In the early 70s, many female artists and authors noted that the early movement seemed to be mostly men, with very little content by women or for women. Many stories containing women were overtly sexual or misogynistic. They sought to correct this problem by coming together to form Wimmen’s Comix in 1972. The debut issue was a 3 page story written by Trina Robins, called “Sandy Comes Out” - the first known comic that treated its subject, a lesbian, with respect. This upset future movement maker and teacher Mary Wings, who believed that, while the story was a good start, “Sandy Comes Out” misrepresented and even fetishized the process of coming out. Importantly, Trina Robins was a straight woman. There were no lesbian comics besides this three page story, let alone a lesbian comic written by a fellow lesbian. And Wings would decide to change this: soon after the release of Wimmen’s Comix #1, she would create and self-publish one of the most important stories of the early movement, Come Out Comix - the first U.S.-released lesbian-made comic, and one made with no straight audience in mind. It also stands out as the first queer comic publication that didn’t follow any NSFW themes (as the existing gay stories pre-dating Wings were often fetishistic). Come Out Comix shows Wings’ own experience coming out. Sara Century writes, “...the story revolves around Mary's personal coming out and how it manifested as a quest of self-discovery rather than being a whimsical trot through subcultures for a bored middle-class woman (as was generally portrayed in media of the time). Wings walks us through not just her own experience, but the way her old friends fail to respond to her heartfelt letters in which she came out to them. Taking us back to a time when coming out for some meant writing dozens of letters to family and friends, Come Out Comix is indispensable as a time capsule as well as a heartfelt personal story of queerness in a way that, at the time, had not ever been explored within the medium.”

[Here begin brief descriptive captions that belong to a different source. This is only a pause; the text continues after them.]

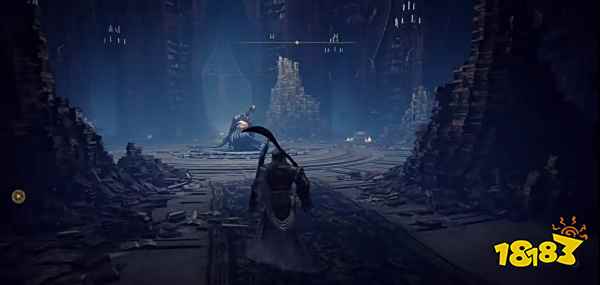 艾尔登法环满月女王在哪 满月女王蕾娜菈位置介绍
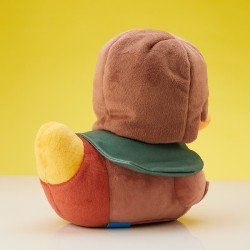 Le Seigneur des Anneaux Tubbz peluche Frodo 20 cm | 5056280458999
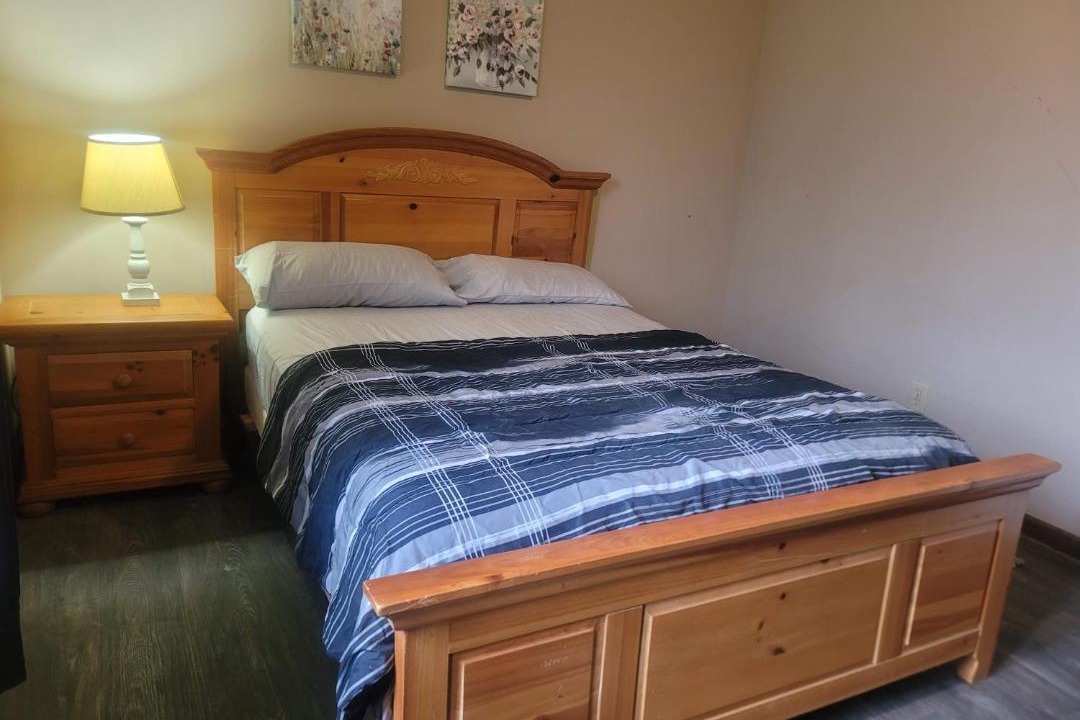 Photo of Bedroom in Lawnside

Mary Wings, legend that she is, continued to create heart-wrenchingly honest comics. Dyke Shorts followed the same themes Come Out Comix did, and the way Wings repeatedly pushed the envelope began to catch the attention of others. The California Art Council funded her story Are Your Highs Getting You Down?, which tackled the issue of drug addiction. Her comics went on to address themes such as artificial insemination, writing lesbians into history, and even discovering your parents’ homosexuality. Her growing popularity was controversial, and several times, her book shipments were seized at the Canadian border due to “inappropriate content”. In 1978, California Proposition 6 - otherwise known as the Briggs Initiative - began to be talked about, putting her teaching dreams into jeopardy. The Briggs Initiative intended to prevent gay people from working with children under the assumption they would be groomed and ‘recruited’ into the gay movement. Even this didn’t stop her - Wings went on to draw Sappho dressed as Uncle Sam, pointing at the viewer and saying “WE WANT YOU!” Gay and feminist magazines began to diversify, running queer-centric comic strips; The Advocate, America’s oldest LGBT-interest magazine, often featured gag cartoons reflecting the gay lifestyle. They published Joe Johnson’s comics featuring the first ongoing gay characters, Miss Thing and Big Dick. Cathartic Comics (1977) by Ruper Kinnard showcased the Brown Bomber and Diva Touché Flambé, the first continuing gay African American comic characters. Wimmen’s Comix published “Modern Romance” by Roberta Gregory, and her later comics “Naughty Bits” and “Bitchy Butch”. NSFW gay comic collections like Meatmen were sometimes found to grace the shelves, but an anthology of non-sexual gay comics wasn’t fully collected until Kitchen Press published Gay Comix in 1979.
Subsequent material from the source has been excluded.